- **Data excerpts**
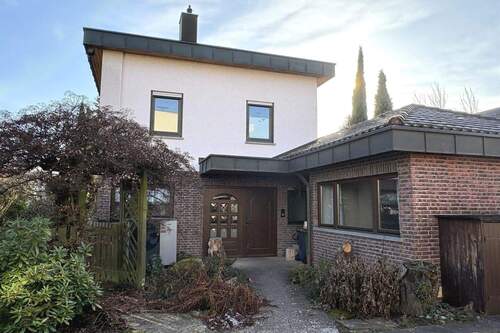 Außenansicht - 5 Zimmer Einfamilienhaus in Stuttgart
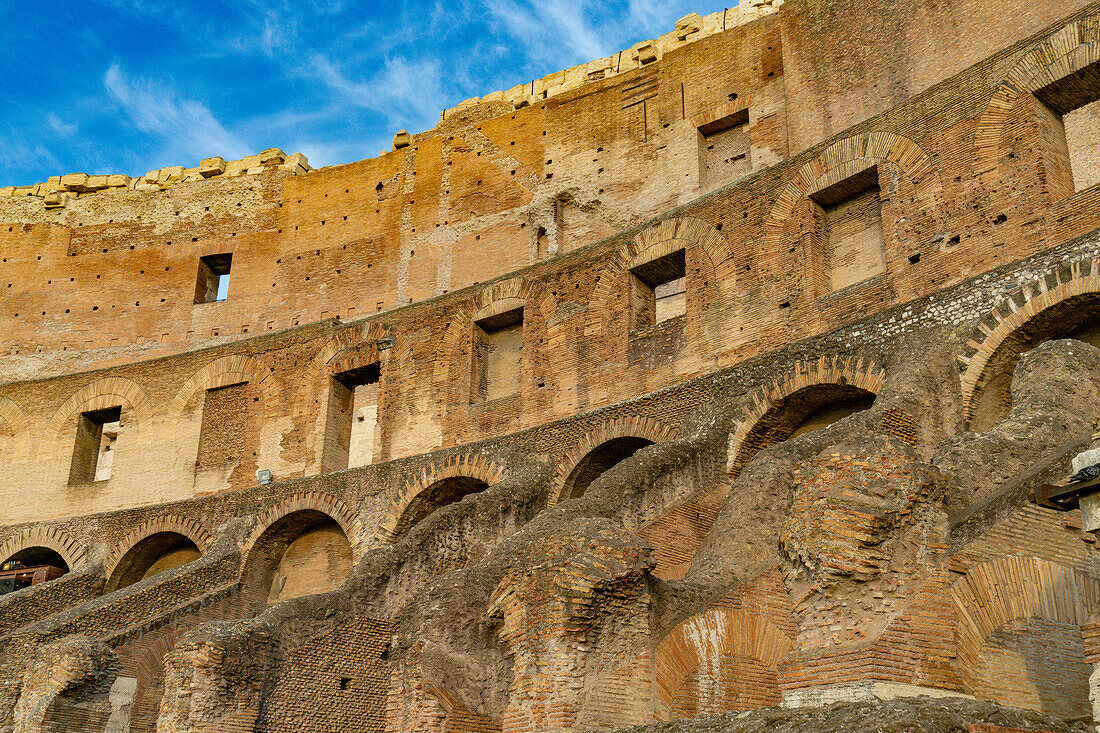 Detail des Innenraums des römischen Kolosseums oder flavischen Amphitheaters im goldenen Licht des Sonnenuntergangs in Rom, Italien.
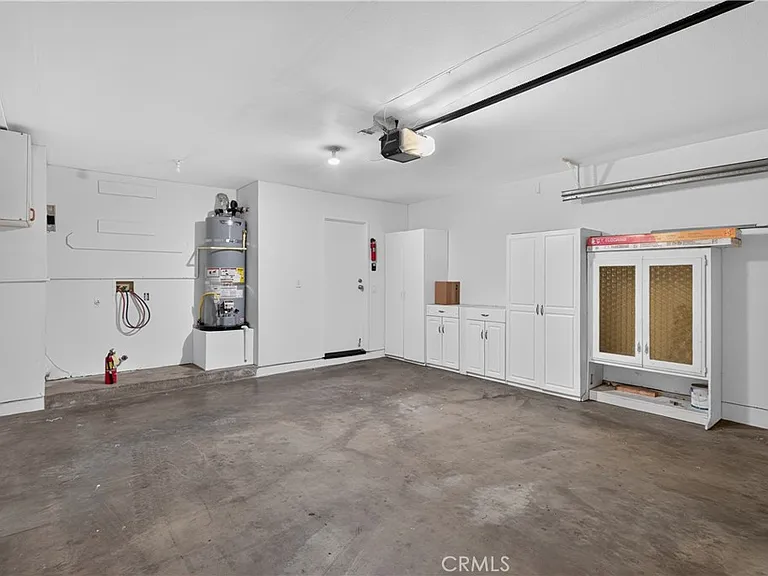 8539 Citigate Dr — Photo 35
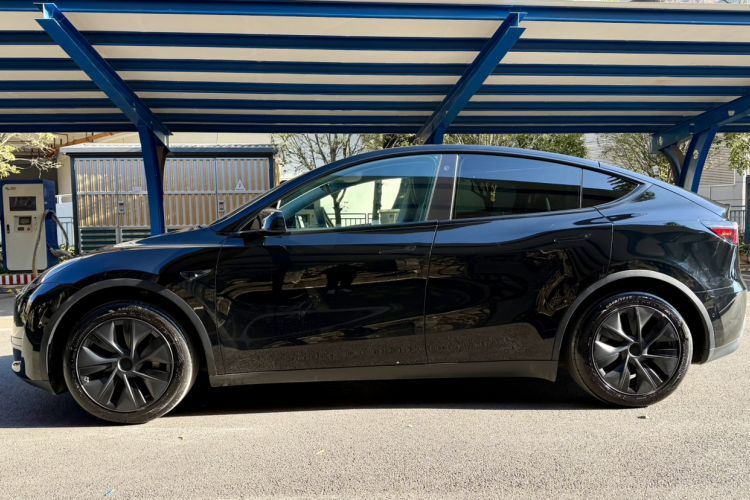 Used Tesla Model Y 2023 Rear-Wheel-Drive Version
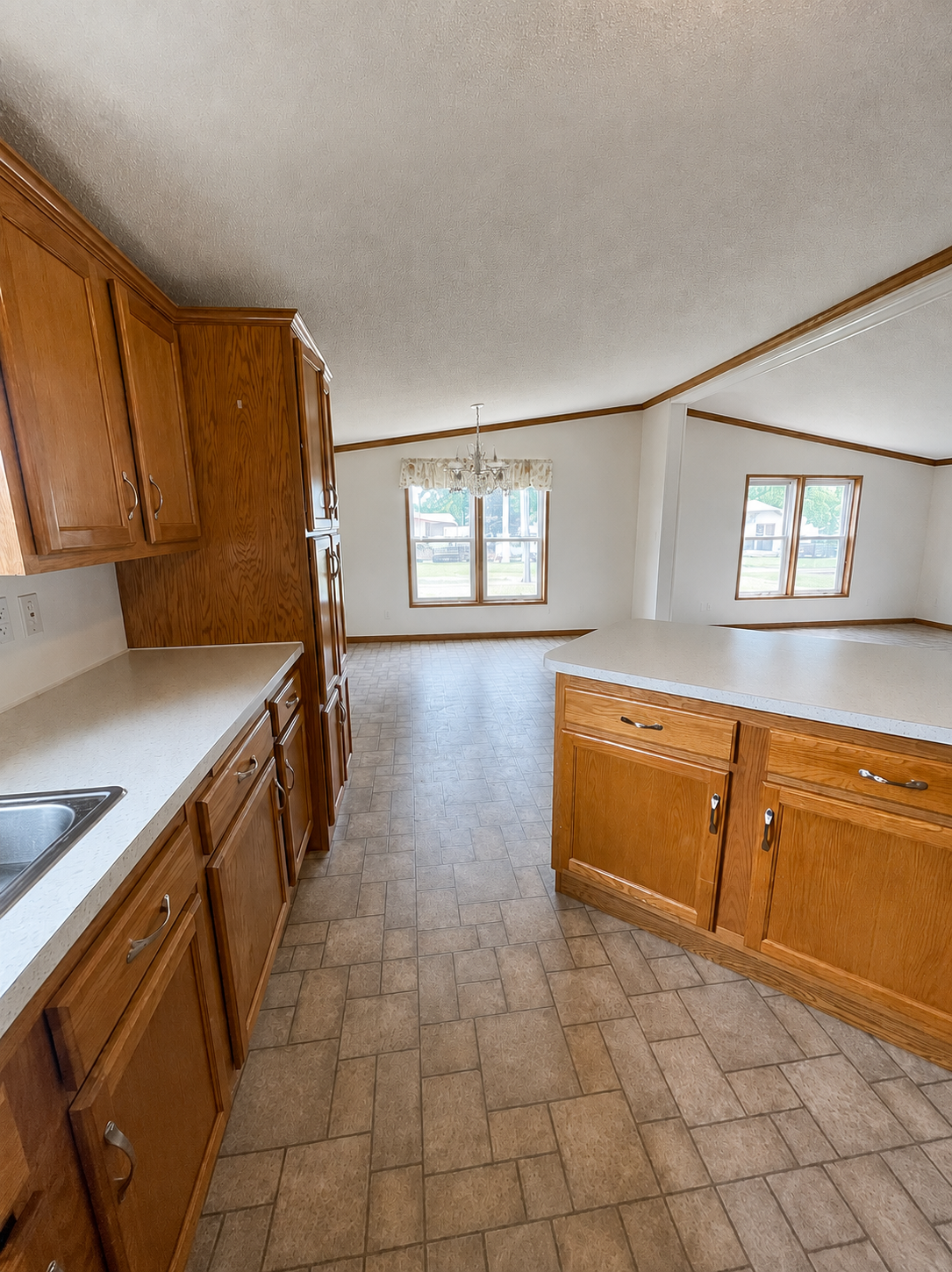 708 1st Street E Property Photo 11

- **What you should do**
Reproduce word for word the lines from the line holding "Used Tesla Model" through the last line of the material above, inclusive, and keep pictures out of it.

- **Exercise output**
 Used Tesla Model Y 2023 Rear-Wheel-Drive Version
 708 1st Street E Property Photo 11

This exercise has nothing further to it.